3 comments December 29th, 2010 Headsman

On this date in 1479, a fugitive of the previous year’s Pazzi Conspiracy — an ill-starred attempt by the Pazzi family to overthrow the Medici — was hanged in Florence.

Bernardo Baroncelli had actually struck the first blow on the Pazzi conspiracy’s big day, planting a dagger in the chest of Giuliano di Piero de’ Medici in the theatrical setting of Florence’s Duomo, with the theatrical declaration, “Here, traitor!”

Must’ve been a sight to see. Giuliano wound up dead, but the rest didn’t work out so well.
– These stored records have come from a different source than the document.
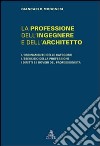 La professione dell'ingegnere e dell'architetto libro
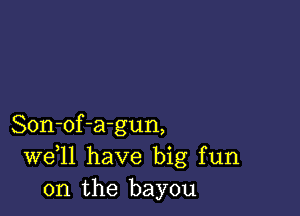 Son-of-agun,
W611 have big fun
on the bayou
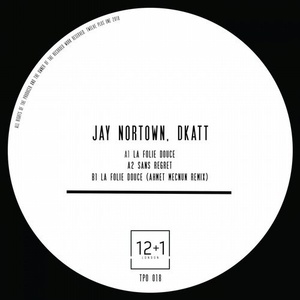 Dkatt, Jay Nortown - La Folie Douce [TPO018]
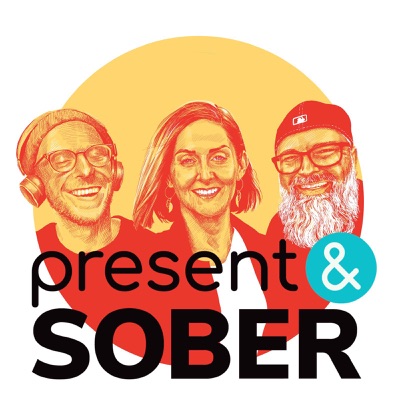 Present and Sober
Baroncelli, however, managed to evade the resulting paroxysm of civic vengeance and hightail it to Ottoman Istanbul, where he had some contacts.

Unfortunately for Bernardo, Florence had some contacts there, too. Ottoman relations with the various Italian city-states were actually quite strong, and Florence in particular enjoyed lucrative trade arrangements bringing its wool textiles to Bursa to exchange for silk.

So you can understand the effusion for Mehmet the Conqueror* (and the interest of said Mehmet the Conqueror) in this bit of Florentine diplomatic correspondence quoted in The Papacy and the Levant:

By letters of Bernardo Peruzzi we have learned with great pleasure how that most glorious prince [Mehmet] has seized Bernardo Bandini, most heinous parricide and traitor to his country, and declares himself willing to do with him whatever we may want — a decision certainly in keeping with the love and great favor he has always shown toward our Republic and our people as well as with the justice of his most serene Majesty … although as a result of the innumerable benefits done by his most glorious Majesty in the past for the Republic and our people, we owe him the greatest indebtedness and are the most faithful and obedient sons of his Majesty, nevertheless because of this last benefit it would be impossible to describe the extent to which our obligation to his most serene Majesty has grown.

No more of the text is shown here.